Selon une étude TNS-Ilres parue ce jeudi, 48 pour cent des sondé-e-s se disent plutôt préoccupé-es par d’éventuels abus de leurs données personnelles, tandis que 22 pour cent se disent très inquiets. 47 pour cent ont signalé que les récents scandales ont eu un impact sur leur comportement en ligne et un quart prévoient de supprimer un ou plusieurs comptes de réseaux sociaux. Ce qui est une bonne nouvelle en soi, car le problème de la protection des données commence avec l’inconscience des utilisateurs/trices. Très pratique aussi que la boîte de sondages vous laisse partager ses résultats sur Twitter en un clic seulement – joli gimmick, mais peut-être pas le bon endroit.

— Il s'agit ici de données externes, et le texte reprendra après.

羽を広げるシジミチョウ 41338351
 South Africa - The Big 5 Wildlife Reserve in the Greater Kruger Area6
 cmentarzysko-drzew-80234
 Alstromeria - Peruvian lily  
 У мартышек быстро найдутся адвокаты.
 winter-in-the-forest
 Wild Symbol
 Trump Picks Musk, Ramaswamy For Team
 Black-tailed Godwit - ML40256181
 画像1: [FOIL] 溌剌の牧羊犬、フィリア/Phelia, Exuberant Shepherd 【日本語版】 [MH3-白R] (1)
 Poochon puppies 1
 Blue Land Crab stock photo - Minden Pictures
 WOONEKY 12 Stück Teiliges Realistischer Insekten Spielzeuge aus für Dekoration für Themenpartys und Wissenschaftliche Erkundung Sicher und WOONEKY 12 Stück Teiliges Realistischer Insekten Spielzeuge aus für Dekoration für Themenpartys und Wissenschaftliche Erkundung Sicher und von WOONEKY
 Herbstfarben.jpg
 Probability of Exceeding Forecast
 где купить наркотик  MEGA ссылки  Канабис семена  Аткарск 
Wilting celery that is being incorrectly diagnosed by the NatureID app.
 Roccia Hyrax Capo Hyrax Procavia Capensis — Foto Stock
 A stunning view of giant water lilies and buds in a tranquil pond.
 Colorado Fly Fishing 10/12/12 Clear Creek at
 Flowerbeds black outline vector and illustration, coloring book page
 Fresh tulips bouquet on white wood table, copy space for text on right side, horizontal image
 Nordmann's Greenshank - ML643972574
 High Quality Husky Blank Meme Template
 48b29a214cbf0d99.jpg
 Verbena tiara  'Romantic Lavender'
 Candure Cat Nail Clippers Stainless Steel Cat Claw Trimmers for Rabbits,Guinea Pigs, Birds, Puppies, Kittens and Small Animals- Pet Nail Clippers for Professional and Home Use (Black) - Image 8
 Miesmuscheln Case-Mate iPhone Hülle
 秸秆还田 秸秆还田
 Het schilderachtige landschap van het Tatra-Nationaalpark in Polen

Car si les données personnelles sont le nouvel or noir du 21e siècle, ces derniers mois, on a assisté à la première marée noire virtuelle. Même si l’obscure firme Cambridge Analytica est désormais officiellement en faillite, rien n’empêche que d’autres boîtes proposent des services similaires, voire pires. Introduire une application sur Facebook, la manipuler pour engranger un maximum de données (même chez les utilisateurs qui n’ont pas cliqué sur l’appli) et puis cibler ces personnes pour influencer leurs opinions politiques et leur façon de percevoir le monde reste toujours possible. Et ce n’est pas en traînant Mark Zuckerberg devant le Parlement européen qu’on va l’empêcher à l’avenir.
Après tout, un réseau social ne vit que des informations qu’on veut bien lui donner.
Déjà, les préambules de cette audition en disent long sur le déséquilibre du pouvoir entre instances démocratiques et sociétés multinationales : ce n’est qu’après des pressions que Zuckerberg a accepté que son passage à Bruxelles soit filmé et mis en streaming… aussi sur le site Facebook du Parlement. Ce qui est un comble, quand on pense que le multimilliardaire américain, qui a bâti sa fortune sur les données des autres, ne veut pas qu’on voie comment il rend des comptes à un parlement. Et puis Zuckerberg, visiblement bien préparé, s’est contenté de resservir le même discours déjà rodé devant le Congrès américain : oui, il y a eu des fautes, on les a réparées et on ne nous y reprendra plus. Il a pointé vers de nouvelles intelligences artificielles qui détecteront plus vite les imposteurs et une politique plus stricte sur les applications admises sur son réseau social. Par contre, un bon nombre de questions des eurodéputé-e-s sont restées sans réponse – M. Zuckerberg y répondra plus tard, par écrit, et on peut dès maintenant deviner qu’il déléguera ça à son staff juridique.
Or comment savoir s’il était sérieux ? Le discours repentant et un brin autocritique n’est pas nouveau : Facebook et son fondateur le ressortent à chaque fois qu’un nouveau scandale est découvert. C’est donc du moins partiellement une pratique rhétorique plutôt qu’une vraie volonté de changer sa politique industrielle.
Surtout que Facebook vient d’annoncer une nouvelle mesure inquiétante : désormais, le réseau établira des liens entre les données de ses utilisateurs/trices et celles des utilisateurs/trices du service de messagerie WhatsApp (que Facebook possède aussi, tout comme la plateforme photographique Instagram). Une évolution qui inquiète d’autant plus que politiquement il n’y a rien à faire.
Si on ne peut pas arrêter le progrès et qu’il est illusoire de penser que tous les utilisateurs/trices vont supprimer leurs comptes, il faudra commencer à mieux se préparer à ce qui risque d’arriver à l’avenir. Et cela ne peut que passer par une prise de conscience des utilisateurs/trices de ne donner consciemment que les informations qu’elles ou ils veulent vraiment partager, et une surveillance efficace des réseaux sociaux, qu’on pourra sanctionner lourdement en cas de fraude. Après tout, un réseau social ne vit que des informations qu’on veut bien lui donner – il est temps de reprendre le contrôle.